Maria participou do encontro familiar, na casa de sua irmã Eulália, que selou a criação da verde e branca, em 1947. Aos 95 anos, chamada por todos de Tia Maria, ela entremeia essas histórias com músicas do passado, todas cantadas com a voz firme e segura e sem titubear nos versos. Muitas dessas letras, algumas com mais de cem anos, estão anotadas num caderninho. De cabeça, diz saber “91 partidos-altos”.

Tia Maria vive sozinha em uma casa de dois andares na Rua Doutor Joviniano. Integrante do grupo que fundou o Império, ela é a presidente da ONG Centro Cultural Jongo da Serrinha, cuja sede foi inaugurada no fim de 2015. Tia Maria é quem abre as rodas, dançando e cantando pontos.

sempre cercada de crianças

A festeira Tia Maria costuma passar dias inteiros na ONG com crianças que fazem aulas de dança, canto, percussão, capoeira, violão e cavaquinho (e que não perdem a chance de lhe pedir para preparar um delicioso manjar). Sua participação ativa na preservação do jongo se deve muito a Mestre Darcy, filho de Vovó Maria Joana.

— Criança não podia dançar jongo. Um dia, Vovó Maria Joana chamou o Darcy: “Meu filho, você tem que botar as crianças para dançar jongo. Senão o jongo vai acabar”. Eu estava casada, e meus filhos eram rapazes. Nós ficamos dançando com as crianças. Primeiro, na casa dele; depois, na minha. Darcy ainda falava: “Vamos para a Lapa!”. A gente colocava o tambor nas costas e ia. O bar enchia. Hoje, o jongo está até nas faculdades, ficou chique — diz.

Bem humorada, ela não nega: sempre foi uma farrista. Mas começou na labuta aos 11 anos, trabalhando numa casa de família da Serrinha. Aos 19, iniciou o namoro com Ivan, com quem iria se casar. Ele foi até a casa de Etelvina para comunicar que estavam juntos.

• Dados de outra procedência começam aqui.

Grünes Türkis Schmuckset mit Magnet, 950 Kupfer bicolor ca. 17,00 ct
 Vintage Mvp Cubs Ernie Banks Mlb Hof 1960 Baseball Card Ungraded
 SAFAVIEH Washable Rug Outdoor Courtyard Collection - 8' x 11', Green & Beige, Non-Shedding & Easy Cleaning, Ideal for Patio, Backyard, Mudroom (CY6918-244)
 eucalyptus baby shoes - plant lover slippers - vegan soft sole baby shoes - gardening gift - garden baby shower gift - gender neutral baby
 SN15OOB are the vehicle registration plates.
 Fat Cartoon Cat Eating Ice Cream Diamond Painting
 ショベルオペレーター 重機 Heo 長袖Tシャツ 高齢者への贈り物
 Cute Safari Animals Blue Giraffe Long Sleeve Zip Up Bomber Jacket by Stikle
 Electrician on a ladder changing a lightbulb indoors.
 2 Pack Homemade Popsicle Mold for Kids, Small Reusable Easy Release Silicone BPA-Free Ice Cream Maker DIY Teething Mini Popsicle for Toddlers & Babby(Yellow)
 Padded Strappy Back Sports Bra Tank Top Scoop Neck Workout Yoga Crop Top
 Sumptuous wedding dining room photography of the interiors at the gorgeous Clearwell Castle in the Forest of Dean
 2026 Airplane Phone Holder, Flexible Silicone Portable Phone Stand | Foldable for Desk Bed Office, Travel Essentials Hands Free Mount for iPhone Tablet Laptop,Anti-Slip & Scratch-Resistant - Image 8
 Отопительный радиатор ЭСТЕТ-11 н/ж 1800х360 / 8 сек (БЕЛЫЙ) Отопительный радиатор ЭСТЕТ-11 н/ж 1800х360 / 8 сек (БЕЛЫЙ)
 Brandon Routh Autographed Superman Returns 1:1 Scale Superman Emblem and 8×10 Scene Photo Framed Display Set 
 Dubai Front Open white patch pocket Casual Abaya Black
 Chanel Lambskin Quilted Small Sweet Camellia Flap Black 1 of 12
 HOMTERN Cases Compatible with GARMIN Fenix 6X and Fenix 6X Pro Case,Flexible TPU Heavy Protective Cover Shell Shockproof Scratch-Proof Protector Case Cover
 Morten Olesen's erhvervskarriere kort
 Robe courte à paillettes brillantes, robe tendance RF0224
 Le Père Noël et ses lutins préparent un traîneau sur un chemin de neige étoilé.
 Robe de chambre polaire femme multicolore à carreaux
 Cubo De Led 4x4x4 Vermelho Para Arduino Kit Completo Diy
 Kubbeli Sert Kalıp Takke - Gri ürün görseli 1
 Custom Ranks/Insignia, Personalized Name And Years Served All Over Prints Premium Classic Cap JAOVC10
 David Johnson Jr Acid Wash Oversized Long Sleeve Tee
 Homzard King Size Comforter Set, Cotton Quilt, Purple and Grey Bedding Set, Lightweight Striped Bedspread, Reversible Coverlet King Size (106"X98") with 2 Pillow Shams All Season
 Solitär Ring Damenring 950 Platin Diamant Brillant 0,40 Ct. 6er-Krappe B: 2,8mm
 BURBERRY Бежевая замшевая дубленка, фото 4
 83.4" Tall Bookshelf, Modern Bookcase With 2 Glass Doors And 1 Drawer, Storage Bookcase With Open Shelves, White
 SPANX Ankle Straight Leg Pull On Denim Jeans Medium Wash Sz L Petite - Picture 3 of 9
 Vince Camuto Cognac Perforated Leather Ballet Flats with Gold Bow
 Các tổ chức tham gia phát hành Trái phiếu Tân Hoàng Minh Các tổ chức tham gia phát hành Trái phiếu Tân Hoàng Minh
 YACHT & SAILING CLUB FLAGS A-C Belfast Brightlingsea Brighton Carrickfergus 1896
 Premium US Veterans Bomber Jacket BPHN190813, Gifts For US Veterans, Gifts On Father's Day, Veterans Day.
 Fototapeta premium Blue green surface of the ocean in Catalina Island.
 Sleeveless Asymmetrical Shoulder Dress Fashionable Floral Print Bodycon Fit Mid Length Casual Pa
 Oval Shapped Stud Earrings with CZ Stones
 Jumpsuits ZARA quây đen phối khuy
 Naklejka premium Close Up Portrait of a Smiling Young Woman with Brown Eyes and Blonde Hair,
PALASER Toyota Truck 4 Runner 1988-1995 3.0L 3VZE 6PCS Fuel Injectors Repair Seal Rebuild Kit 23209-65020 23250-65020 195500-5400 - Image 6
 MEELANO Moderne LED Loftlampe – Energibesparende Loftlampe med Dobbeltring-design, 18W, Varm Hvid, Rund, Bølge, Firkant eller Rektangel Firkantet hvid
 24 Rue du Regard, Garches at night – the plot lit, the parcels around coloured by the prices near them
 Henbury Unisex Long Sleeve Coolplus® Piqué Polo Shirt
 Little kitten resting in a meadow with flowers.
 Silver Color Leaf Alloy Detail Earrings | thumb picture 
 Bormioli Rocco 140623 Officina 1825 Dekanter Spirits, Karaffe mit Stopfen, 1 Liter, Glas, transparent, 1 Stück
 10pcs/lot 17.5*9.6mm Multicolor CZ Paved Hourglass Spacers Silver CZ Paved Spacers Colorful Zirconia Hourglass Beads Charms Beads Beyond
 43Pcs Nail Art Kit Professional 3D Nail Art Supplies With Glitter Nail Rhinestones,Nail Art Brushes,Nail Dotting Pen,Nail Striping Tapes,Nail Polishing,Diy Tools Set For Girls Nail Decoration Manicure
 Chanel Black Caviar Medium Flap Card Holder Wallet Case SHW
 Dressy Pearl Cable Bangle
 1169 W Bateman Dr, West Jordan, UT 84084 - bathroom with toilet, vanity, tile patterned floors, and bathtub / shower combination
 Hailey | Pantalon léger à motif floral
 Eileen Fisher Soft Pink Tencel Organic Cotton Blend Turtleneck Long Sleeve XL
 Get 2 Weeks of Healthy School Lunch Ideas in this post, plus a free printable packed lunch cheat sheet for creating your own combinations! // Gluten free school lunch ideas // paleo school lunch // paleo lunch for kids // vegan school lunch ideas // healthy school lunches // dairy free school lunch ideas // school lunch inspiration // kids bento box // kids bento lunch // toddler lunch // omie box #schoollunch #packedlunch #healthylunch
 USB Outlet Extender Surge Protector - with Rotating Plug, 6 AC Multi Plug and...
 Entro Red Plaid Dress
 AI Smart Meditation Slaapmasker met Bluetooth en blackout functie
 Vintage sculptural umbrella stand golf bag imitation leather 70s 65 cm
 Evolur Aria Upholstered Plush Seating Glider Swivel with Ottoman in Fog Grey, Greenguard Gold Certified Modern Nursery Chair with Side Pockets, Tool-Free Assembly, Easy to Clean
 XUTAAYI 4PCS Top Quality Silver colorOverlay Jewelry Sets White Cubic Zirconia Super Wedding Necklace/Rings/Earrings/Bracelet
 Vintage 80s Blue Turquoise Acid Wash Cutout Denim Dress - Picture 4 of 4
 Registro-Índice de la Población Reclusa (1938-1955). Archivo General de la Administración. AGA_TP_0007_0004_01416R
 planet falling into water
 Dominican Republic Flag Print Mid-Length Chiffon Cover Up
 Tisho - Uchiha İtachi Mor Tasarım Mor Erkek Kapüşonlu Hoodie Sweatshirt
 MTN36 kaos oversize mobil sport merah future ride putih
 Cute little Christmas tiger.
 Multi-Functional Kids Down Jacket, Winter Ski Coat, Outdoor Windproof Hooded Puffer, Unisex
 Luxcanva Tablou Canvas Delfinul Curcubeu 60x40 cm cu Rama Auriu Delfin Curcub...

— Satisfeita, minha mãe me falou: “Estou sabendo do namoro com o Ivan. Ele não é bagunceiro que nem você e seus irmãos, não”. Lá em casa, tudo era motivo de festa. Tanto que o Império nasceu lá — conta Tia Maria. — Já namorando, fui para os blocos de sujo de Madureira. Ele soube e foi para o botequim beber e chorar.

Coordenadora executiva da ONG, Dyonne Boy diz que há problemas na Serrinha que só Tia Maria consegue resolver. Com a fundação da Casa do Jongo foi assim: a ideia de transformar um imóvel abandonado em centro cultural foi dela.

— Tia Maria vem de uma família de empreendedores culturais. Isso quando não havia política pública para a periferia. Eles conquistaram muitas coisas para a Serrinha, como água encanada, calçamento. Seu pai era articulado. E criaram uma escola de samba do zero — destaca Dyonne.

Católica praticante, frequentadora da Capela de Santo Antônio, Tia Maria teve dois filhos: Ivan (já falecido) e Ivo, técnico em química aposentado, de 71 anos. Ela ganhou um casal de netos, filhos de Ivo, e quatro bisnetas.

Tia Maria cresceu ouvindo histórias do tempo da escravidão. À noite, em sua casa, a avó paterna, Maria Delfina, costumava contar que as moças bonitas eram levadas para a rede do senhor. Os filhos com o fazendeiro podiam ser mortos pela sinhá, vendidos para outras fazendas ou virar “criados claros”.

— Minha avó dançava o jongo, e o senhor deixava. Ele achava que na hora da umbigada tinha namoro, vindo mais escravos — recorda.

Ela, que fará 96 anos em 31 de dezembro, tem uma agenda cheia na Serrinha. Mas, no momento, passa uma temporada em Bangu, na casa do filho, por causa de uma dor no nervo ciático. Só que está ansiosa: quer voltar para casa. Um dos compromissos que precisou interromper é a gravação de músicas antigas e composições próprias no estúdio da Casa do Jongo. Uma de suas canções diz: “Cheguei/Não posso ficar aqui/Cheguei, eu tenho que seguir/Eu vou pra Madureira sambar/Que a rapaziada está a me esperar.”

Madureira e, claro, a Serrinha não veem a hora de ter a Tia Maria de volta.